“Besides marriage and kids, what else is there?”
The intimate, delightful, and at times painfully tragic Menashe is a film that comes to you as a blindsiding surprise, welcoming and inviting us into its highly orthodox Jewish streets of Brooklyn with a universal story told through a particular worldview. This is pivotal to its success, not only taking the time to dig around and fumble deep within the pockets of a community behind closed doors, but to upturn them, allowing us a glimpse into the change and the cultural mores spilling from the inner linings. Menashe offers a valuable lesson to viewers because it’s a standard father-son redemption story so influenced by the environment from which it is born. By doing so, outsiders will come to understand their own journey on an even deeper human level as they come to understand humans unlike themselves. That’s what Ebert called cinema’s greatest gift – empathy.

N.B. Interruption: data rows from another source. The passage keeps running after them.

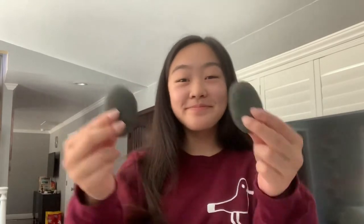Hey guys, it's me, Annabelle, and today I'm going to be showing you how to paint these rocks into bees.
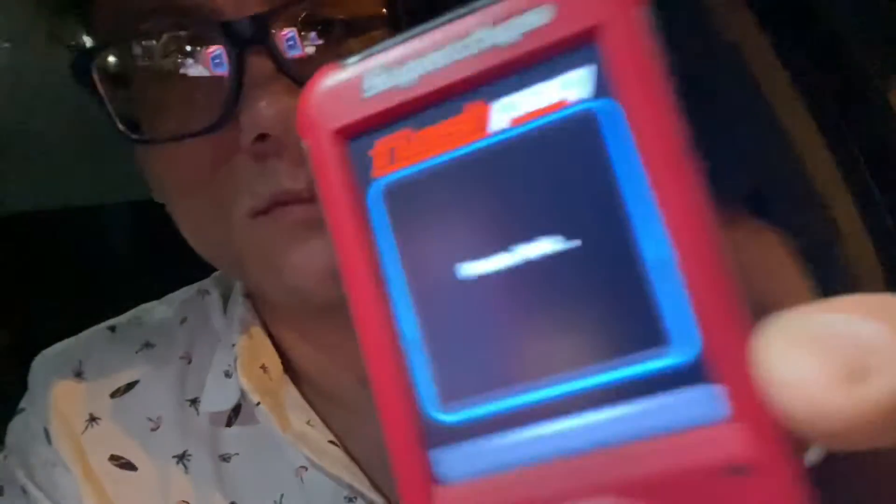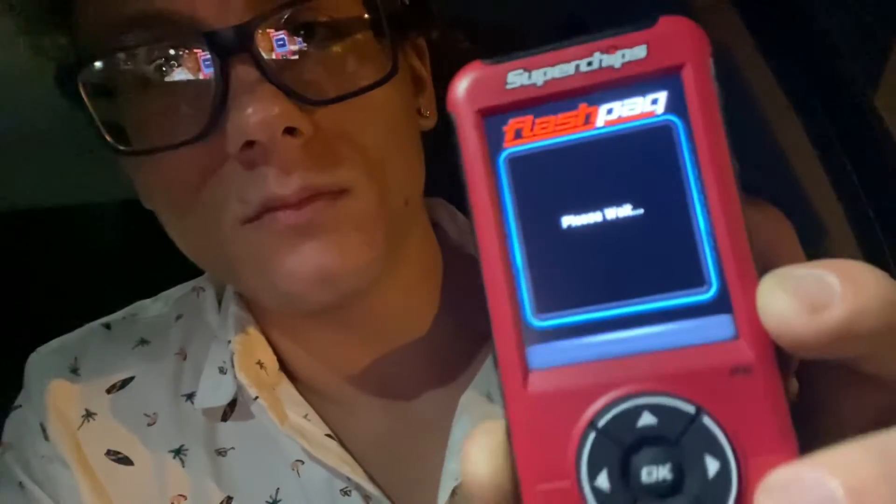It said turn ignition on, so I did that and pressed okay. Now it says turn ignition off — done that, pressed okay. She was fast while she lasted.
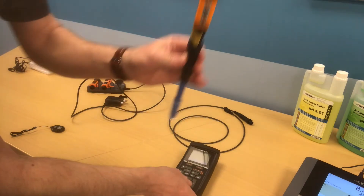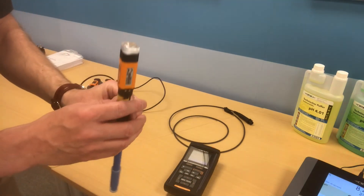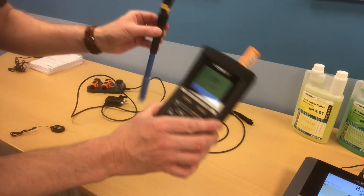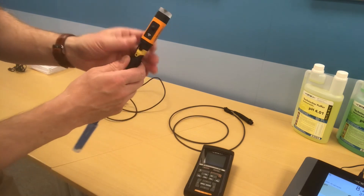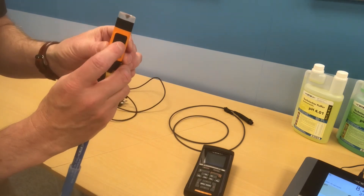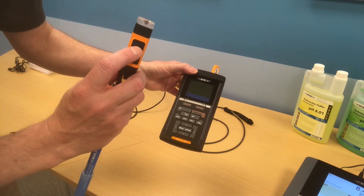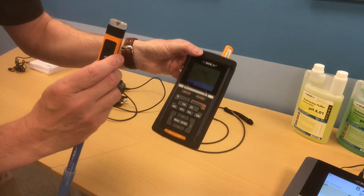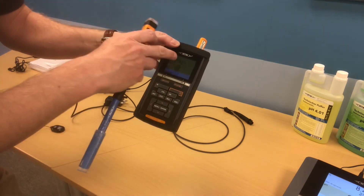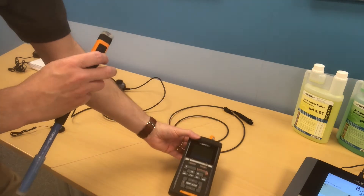We can take this probe anywhere within a 10-metre range of the hand unit and it will send a reading. There's a button on here — if we press this, you hear a beep. That beep is the reading being sent from the probe to the meter, and that's now stored in the memory of the meter.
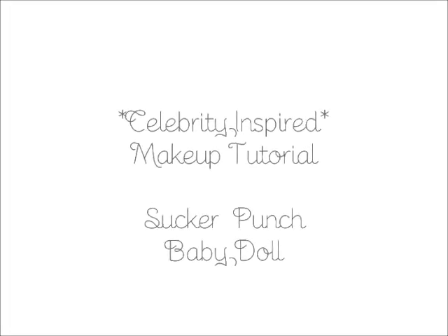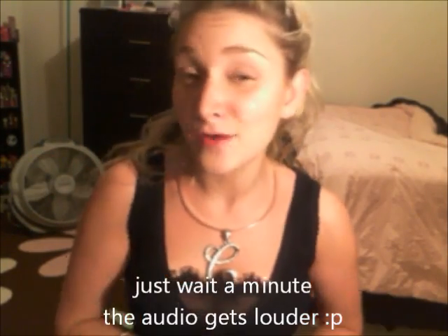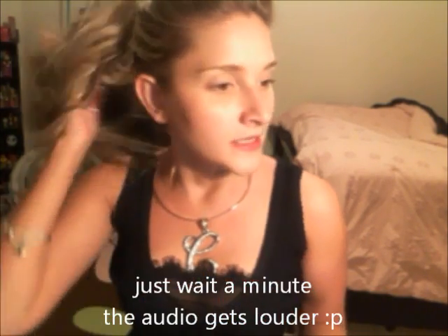Hey everyone, I'm going to do a tutorial today that is going to be Sucker Punch inspired. I did this look the other day and I really liked it. It kind of looks a little bit like looks that I usually do, but slightly different, just a little bit.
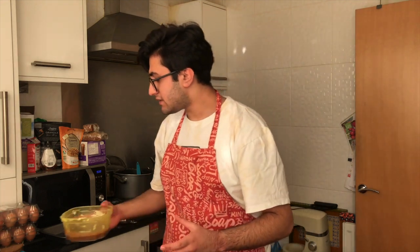What I've done now is I've got the melted butter and chocolate mixture. I've mixed that about and I just want to leave that somewhere safe.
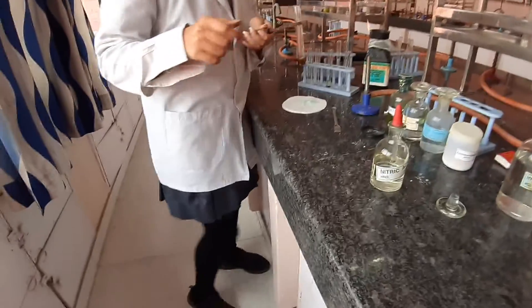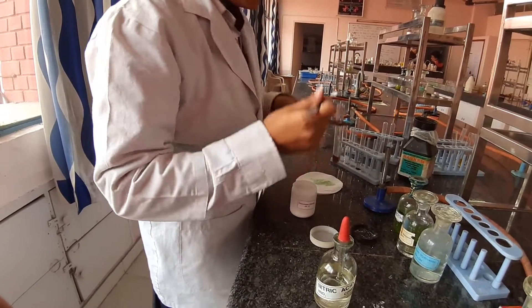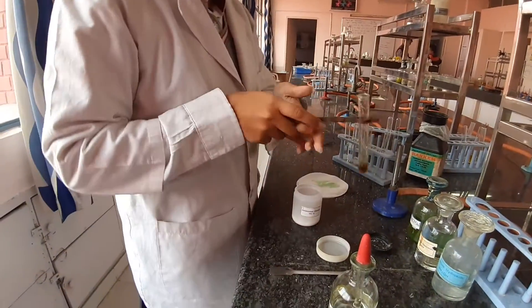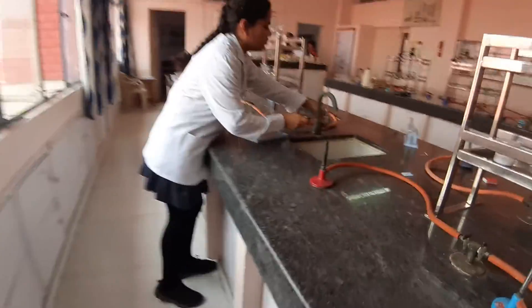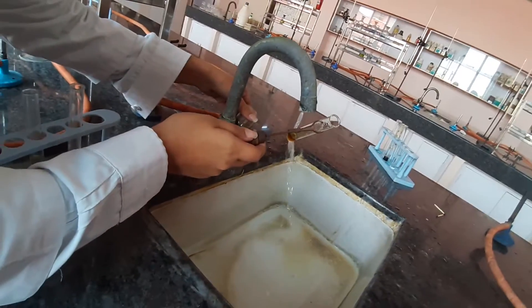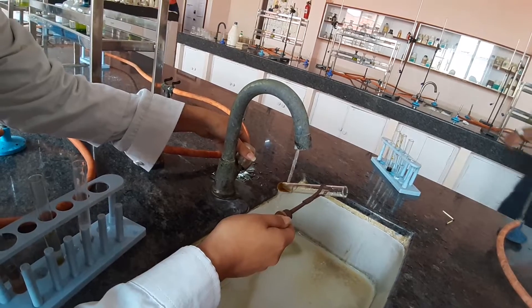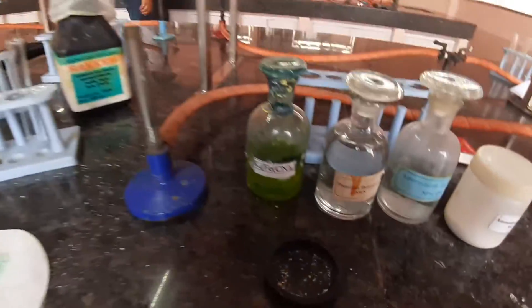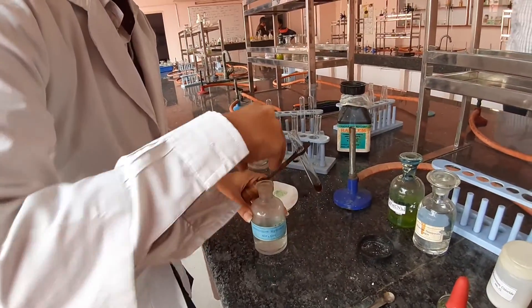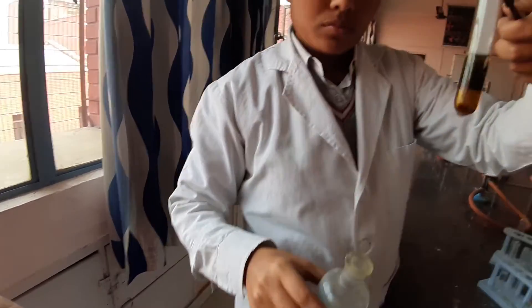Ammonium chloride solid is to be added with the help of a spatula. Shake it to dissolve, and then cool it before adding ammonium hydroxide — you can use the tap to cool it. The cooling is done because ammonium hydroxide is nothing but ammonia dissolved in water, so if you add it to a hot solution, ammonia would escape. So always ammonium hydroxide is to be added after cooling the solution. Add ammonium hydroxide and observe carefully — you are getting a PPT. This PPT is reddish brown in color.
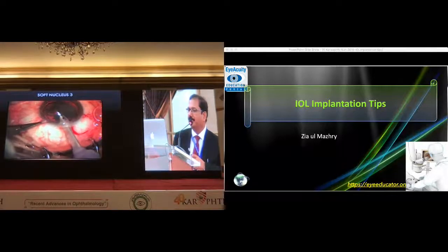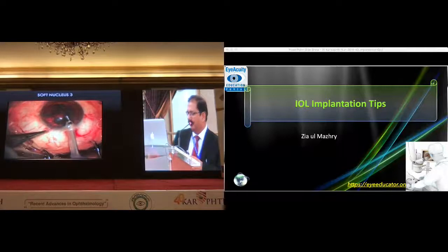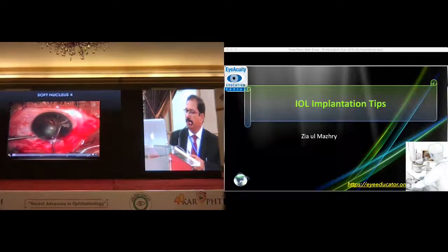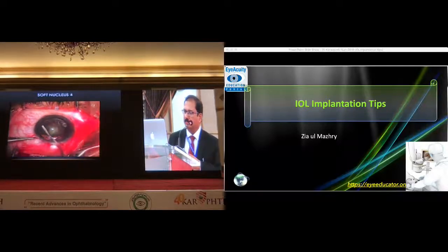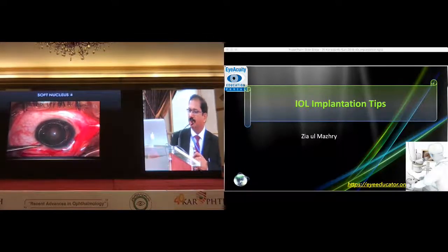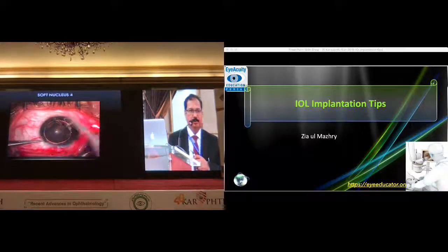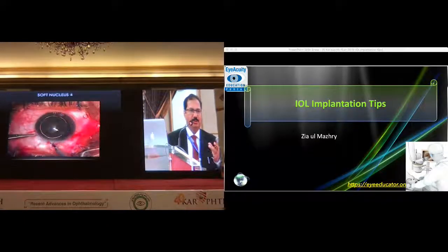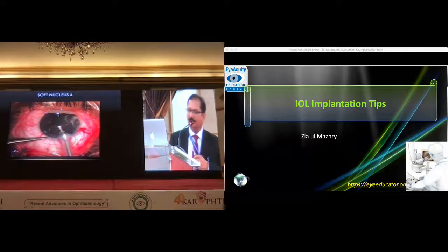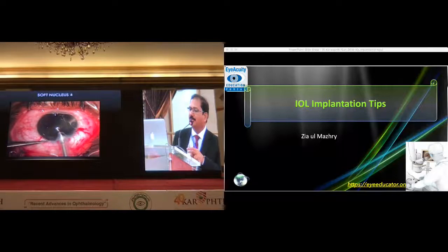This is slightly harder to get. This is turning. This is taking more than five seconds. It can easily come out, but it is very soft so you can just push it. It is soft and you can hydro-delineate it to make it more manageable. In the next case I will show one that is slightly harder, but it can also be taken very easily with this technique.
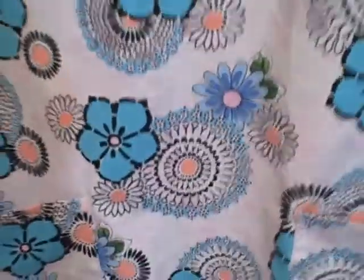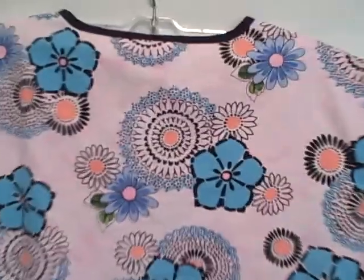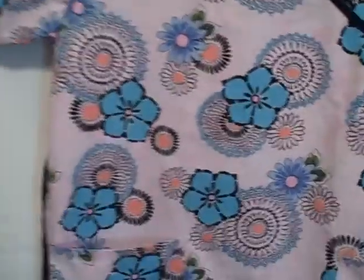Here's what the backside looks like. It is a Jasko, size medium.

I’m not a gambler but I’d still hedge my bets that you’ve met a man like the titular Menashe (Menashe Lustig). An affable non-comformist by nature, goofy and sweet, persistent and misguided in his seemingly perpetual state of misfortune. Always lumbering about dripping with sweat. His life as kosher market employee is in a spiraling trial and error stage. As a recently widowed man, Menashe is forced to confront his reluctant place within his Jewish community, battling against his brother-in-law Eizik and the Rabbi for custody of his son Rieven (Ruben Niborski). He’s reminded that the Talmud holds three things responsible for man’s happiness: a nice wife, a nice house, and nice dishes. In that particular order? I can’t say. By those strict societal standards and over the course of this film, Menashe should be coined as a schlimazel unsuited for fatherhood. It’s Kramer Vs. Kramer not against a jilted ex, but facing a devoted congregation upholding a regime of faith-based practices.
For those already rooted within the Yiddish speaking circle, I imagine watching Menashe will either appeal to their experience as the outsider protagonist or will reaffirm the proper menschs of the Jewish community. Where does that leave neophytes like myself? I’d argue in the shoes of the son Rieven. He studies and rebels and watches his hapless father climb a rung only to fall down two. Rieven doesn’t know everything about his surroundings; neither do we, but we’re beyond curious, and so we explore its delicate intricacies. In that regard, Menashe – a contemporary and specific take on naturalistic cinema – stands grounded in faith yet malleable in the mind. It’s so keenly observant, so rigid in its themes and pliable in its plot, so affectionate and decent.
The most interesting aspect of Menashe is how we first encounter the lead and how we reluctantly watch him depart. On the sidewalks of New York, he eventually enters the frame during a swaying side to side shot. Joshua Z Weinstein and his DP aren’t afraid for a passerby to cloud the camera or to go out of focus; this is real life captured in a narrative format and the approach is that of one of those a crinkle-eyed double takes for a recognizable face you haven’t seen in years. Then we see Menashe – played by Lustig as a man reliving his own life – and he stands out from the crowd. The film begins with this Yiddish speaking version of the lovable loser/bachelor Marty faced with a difficult Hobson’s Choice. And by the end, we see the protagonist in a different light. One that’s uplifting in its selfless sentimentality yet tragically defeatist in its reluctant conformity. Menashe offers distinct insight through all of its padded ups and downs.
“It will never be the same, yet life must go on.”